I hope that in these opening remarks I have made clear how charitable status and taxpayer subsidy for private schools is, at its most basic, morally wrong and entirely at odds with the true meaning and sentiment of charity. Furthermore, by reference to the Office of the Scottish Charity Regulator charity test I hope that I have made clear my difficulty in accepting the legitimacy of the status quo for private schools, given their limited provision of public benefit, the unduly restrictive access to them and, more important, the huge disbenefit of private schools to society, given their clear role in perpetuating social inequality.

The recently published report of the social mobility and child poverty commission stated that child poverty is set to rise and warned that the United Kingdom is at risk of becoming a “permanently divided” society. The evidence is that 20 per cent of children in this country already live in absolute poverty. In an era of profound and increasing inequality, brutal austerity and cuts to public services, I find that I am just one voice among an increasing number that are very uncomfortable with the anomaly that is charitable status for, and taxpayer subsidy of, private schools.

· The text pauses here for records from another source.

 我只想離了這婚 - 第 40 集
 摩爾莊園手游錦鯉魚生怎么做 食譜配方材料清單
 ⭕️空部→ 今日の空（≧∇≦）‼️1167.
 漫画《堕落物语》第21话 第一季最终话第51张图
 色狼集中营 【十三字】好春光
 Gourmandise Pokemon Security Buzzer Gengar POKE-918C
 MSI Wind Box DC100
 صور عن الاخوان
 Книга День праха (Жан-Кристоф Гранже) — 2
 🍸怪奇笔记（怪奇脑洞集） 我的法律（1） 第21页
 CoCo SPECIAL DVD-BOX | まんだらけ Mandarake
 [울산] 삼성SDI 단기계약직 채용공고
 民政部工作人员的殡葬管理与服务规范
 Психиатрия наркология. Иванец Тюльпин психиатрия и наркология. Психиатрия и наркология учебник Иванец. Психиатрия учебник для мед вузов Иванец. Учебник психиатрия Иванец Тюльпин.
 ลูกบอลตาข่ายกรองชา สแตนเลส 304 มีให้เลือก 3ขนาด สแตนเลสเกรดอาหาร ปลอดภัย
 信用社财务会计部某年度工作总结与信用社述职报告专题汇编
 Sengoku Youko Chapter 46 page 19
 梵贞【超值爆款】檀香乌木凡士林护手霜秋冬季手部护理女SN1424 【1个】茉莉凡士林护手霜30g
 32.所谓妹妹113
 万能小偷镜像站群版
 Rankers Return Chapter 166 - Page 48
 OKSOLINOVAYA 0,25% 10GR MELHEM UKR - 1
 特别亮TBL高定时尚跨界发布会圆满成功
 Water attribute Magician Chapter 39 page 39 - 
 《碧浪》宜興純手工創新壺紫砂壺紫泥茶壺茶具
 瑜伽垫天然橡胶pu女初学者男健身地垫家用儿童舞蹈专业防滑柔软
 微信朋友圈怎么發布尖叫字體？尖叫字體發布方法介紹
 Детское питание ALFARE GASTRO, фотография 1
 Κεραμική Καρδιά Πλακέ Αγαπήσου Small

I will do my best to answer any questions that the committee may have. Thank you for your time.

The Convener

Thank you very much for your submission and for keeping within your time, which was very impressive. I will kick off with a couple of questions. Are you satisfied with the current charitable test that is overseen by OSCR?

Ashley Husband Powton

Yes, I am. I just query OSCR’s decision to award charitable status to private schools. I suggest that there are two options, one of which is, as I hope I pointed out in my opening remarks, that even working to current guidelines we could conclude that private schools are not charities; the other option would be to exclude all private schools from consideration for charitable status on the basis that the sole criterion for access to them is the ability to pay. They could be excluded on the basis of that principle.

The Convener

Obviously, I am not here—and nor is the committee—to argue a case for or against OSCR’s view, but OSCR says that it merely complies with the rules that are laid down by the Scottish Government. I will give you an example. I looked at the website last night in preparation for today’s meeting and I randomly clicked on one school, which was Fettes College. The information there was that following the initial analysis of Fettes, it failed the charitable test but the school changed its guidelines and it now satisfies the test and complies with charitable status.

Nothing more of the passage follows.